Web page caption snippets:
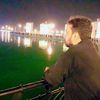absar.xheikh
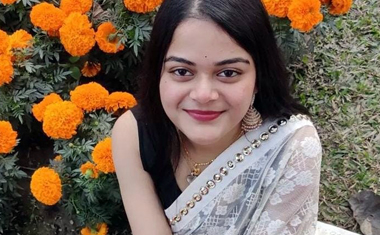 Shabnam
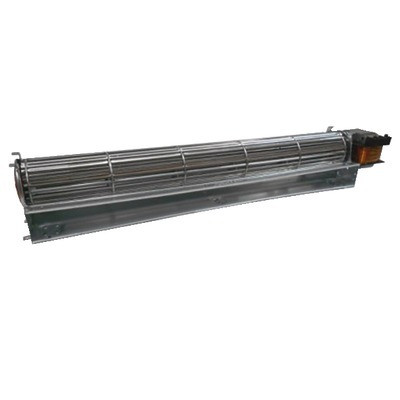 Ventilador tangencial 47W TGA60 480- DIFF - 150241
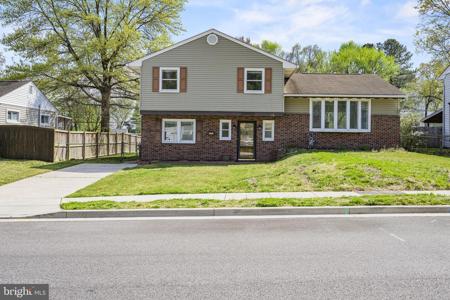 388 PHIRNE ROAD W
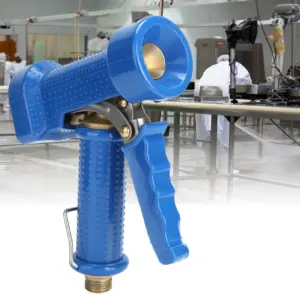 S0320913375914223ae4f86809774f02cQ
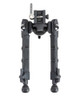 Accu-Tac PC-5 Bipod 6061 T6 Aluminum
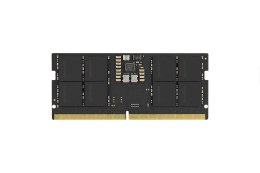 GOODRAM SODIMM DDR5 16GB PC5-44800 5600MHz CL46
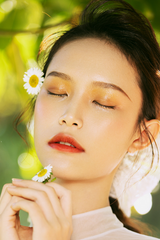 阿先生&符女士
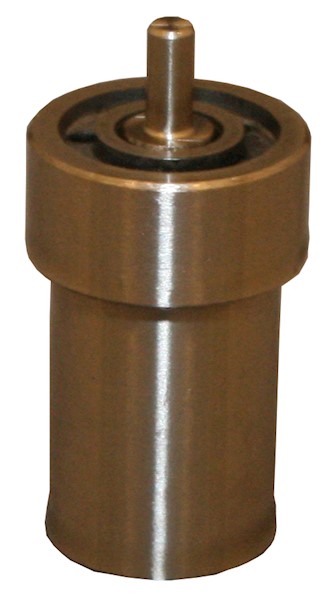 JP GROUP Einspritzdüse 1115500100 für Volvo VW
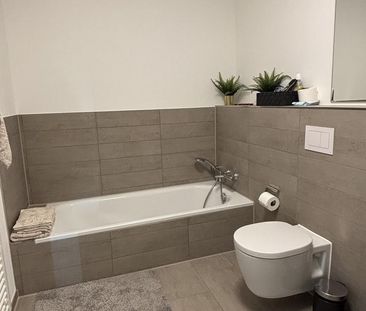 Bringen Sie Ihr Herz mit, es wird sich wohlfühlen! - Foto 1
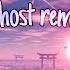 Richello All We Are Ghost Remix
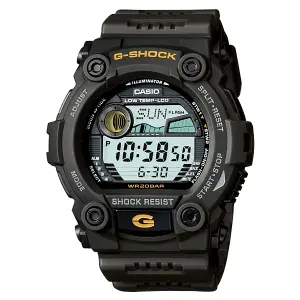 Reloj – G-SHOCK G-7900-3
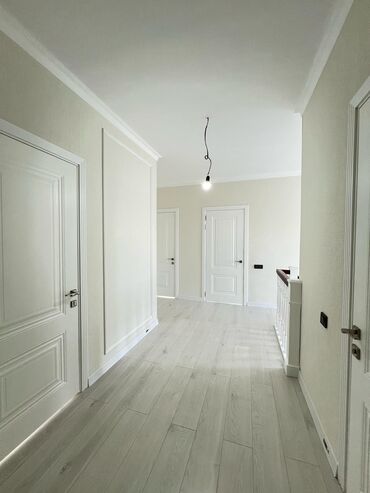 Продажа домов: Дом, 280 м², 6 комнат, Агентство недвижимости, Дизайнерский ремонт — 14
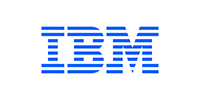 IBM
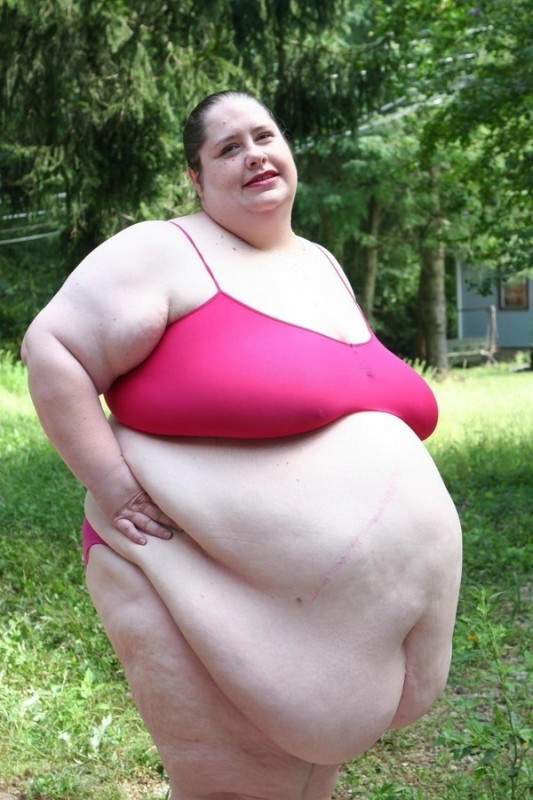 Create meme: carol Yeager, very fat people, the fattest girls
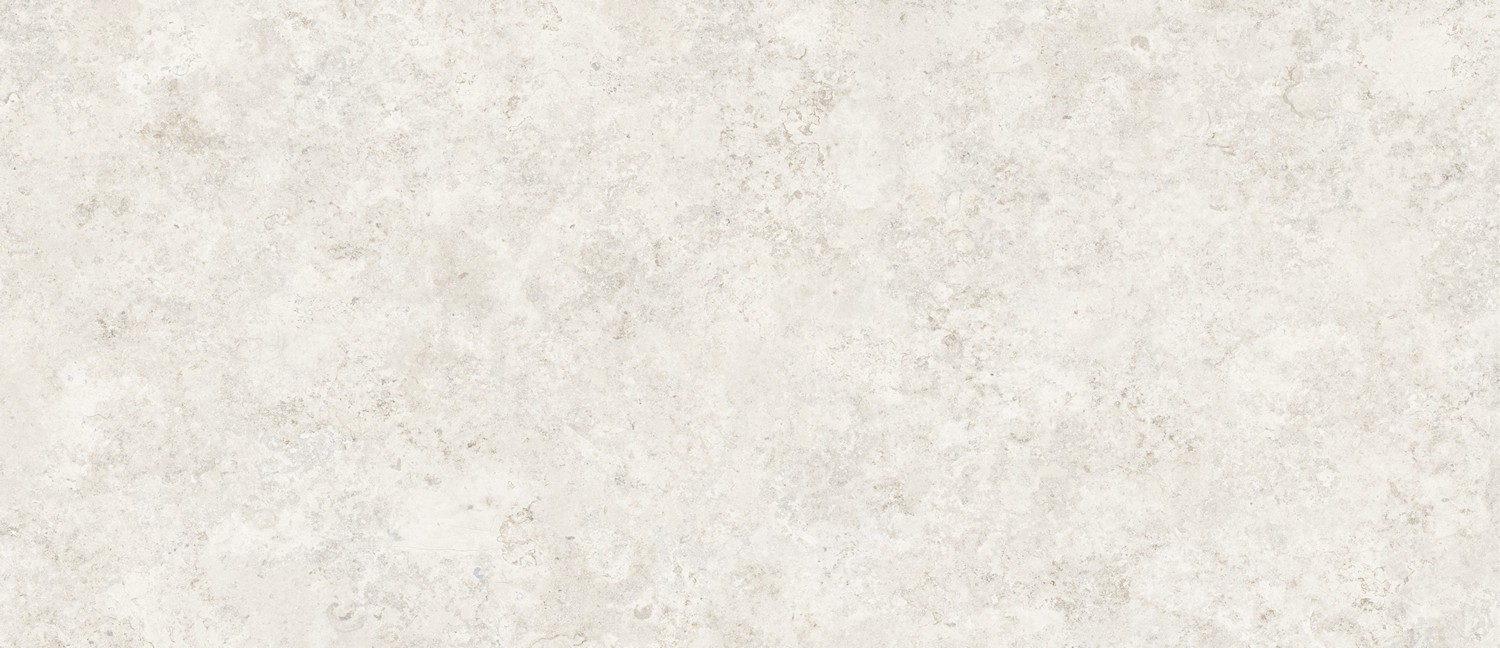 керамогранит TERZADIMENSIONE STONE V TXT 120х278x0.6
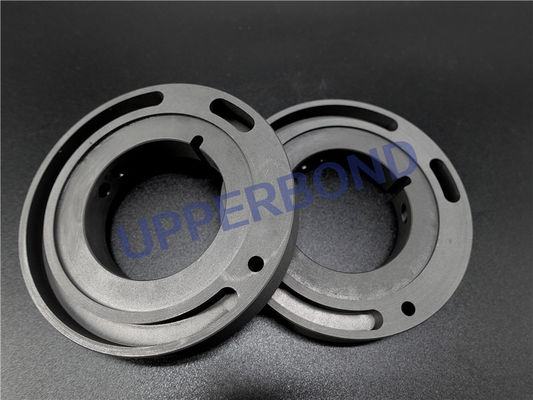 Mua Máy hút thuốc lá Protos Phụ tùng vòng carbon tròn sản xuất trực tuyến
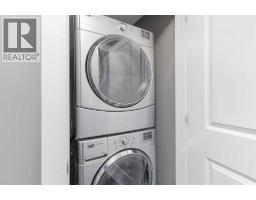2110, 240 Skyview Ranch Road Ne, Calgary, AB T3N0P4 Photo 10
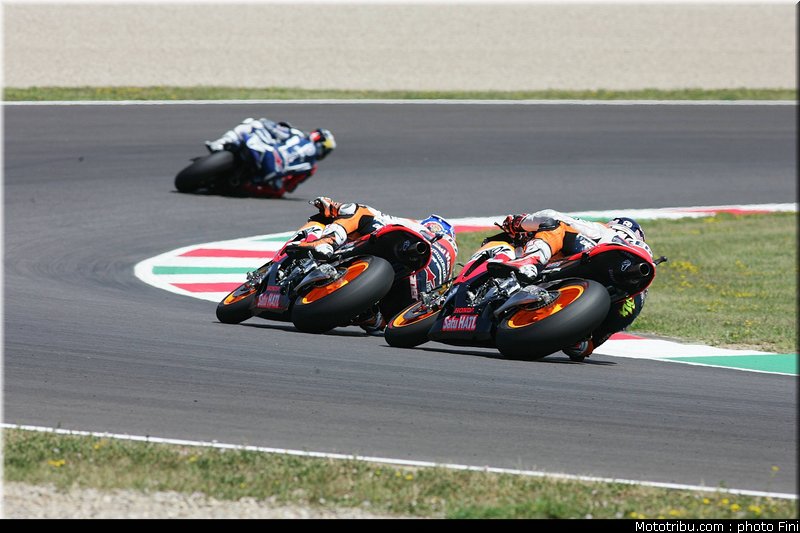 motogp_0027_italie_mugello_2011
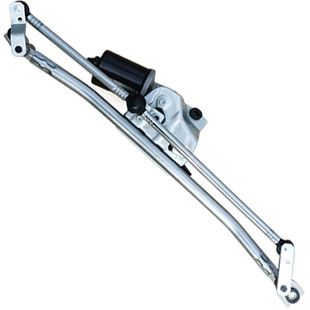 KK25-1741 wiper assembly is suitable for automobile AND ROVER Freelander 96~06(RHD)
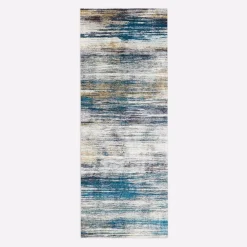 West Elm Verve Performance Rug
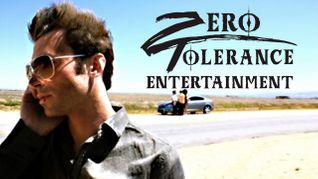 Zero Tolerance Releases 'Hangover Parody' Trailer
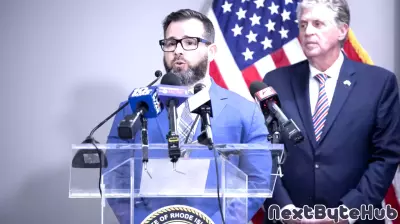 State’s technology office more than doubles number of completed projects in 2025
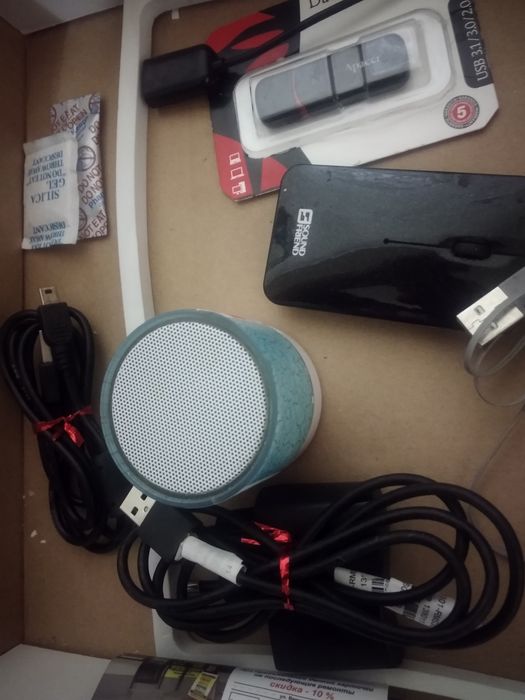 продам планшет бравис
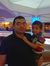 Ahmed S...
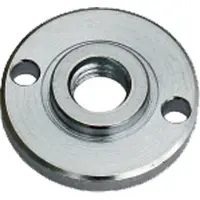 Eibenstock Spanmoer EPF 1503 - 12.341.07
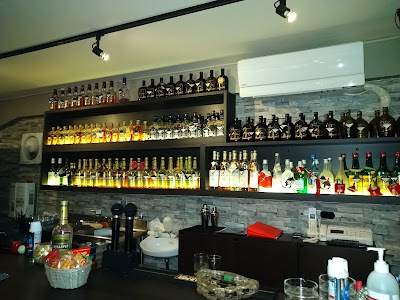 MaCherie 사진 2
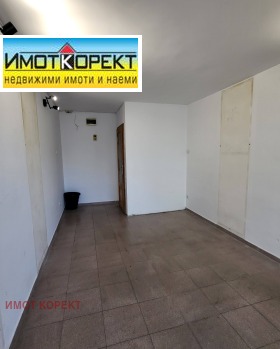 ���� ��� ���� ���� | Imot.bg � ����� ������ 6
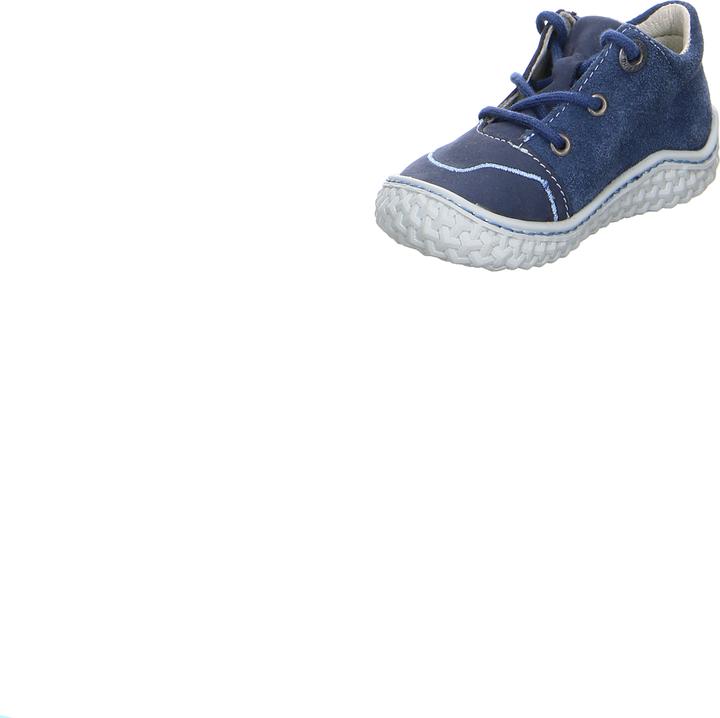 Produktbild Ricosta Fips (26)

● Task instructions
Output each record above exactly as written. Skip any pictures.

● Task answer
absar.xheikh
 Shabnam
 Ventilador tangencial 47W TGA60 480- DIFF - 150241
 388 PHIRNE ROAD W
 S0320913375914223ae4f86809774f02cQ
 Accu-Tac PC-5 Bipod 6061 T6 Aluminum
 GOODRAM SODIMM DDR5 16GB PC5-44800 5600MHz CL46
 阿先生&符女士
 JP GROUP Einspritzdüse 1115500100 für Volvo VW
 Bringen Sie Ihr Herz mit, es wird sich wohlfühlen! - Foto 1
 Richello All We Are Ghost Remix
 Reloj – G-SHOCK G-7900-3
 Продажа домов: Дом, 280 м², 6 комнат, Агентство недвижимости, Дизайнерский ремонт — 14
 IBM
 Create meme: carol Yeager, very fat people, the fattest girls
 керамогранит TERZADIMENSIONE STONE V TXT 120х278x0.6
 Mua Máy hút thuốc lá Protos Phụ tùng vòng carbon tròn sản xuất trực tuyến
2110, 240 Skyview Ranch Road Ne, Calgary, AB T3N0P4 Photo 10
 motogp_0027_italie_mugello_2011
 KK25-1741 wiper assembly is suitable for automobile AND ROVER Freelander 96~06(RHD)
 West Elm Verve Performance Rug
 Zero Tolerance Releases 'Hangover Parody' Trailer
 State’s technology office more than doubles number of completed projects in 2025
 продам планшет бравис
 Ahmed S...
 Eibenstock Spanmoer EPF 1503 - 12.341.07
 MaCherie 사진 2
 ���� ��� ���� ���� | Imot.bg � ����� ������ 6
 Produktbild Ricosta Fips (26)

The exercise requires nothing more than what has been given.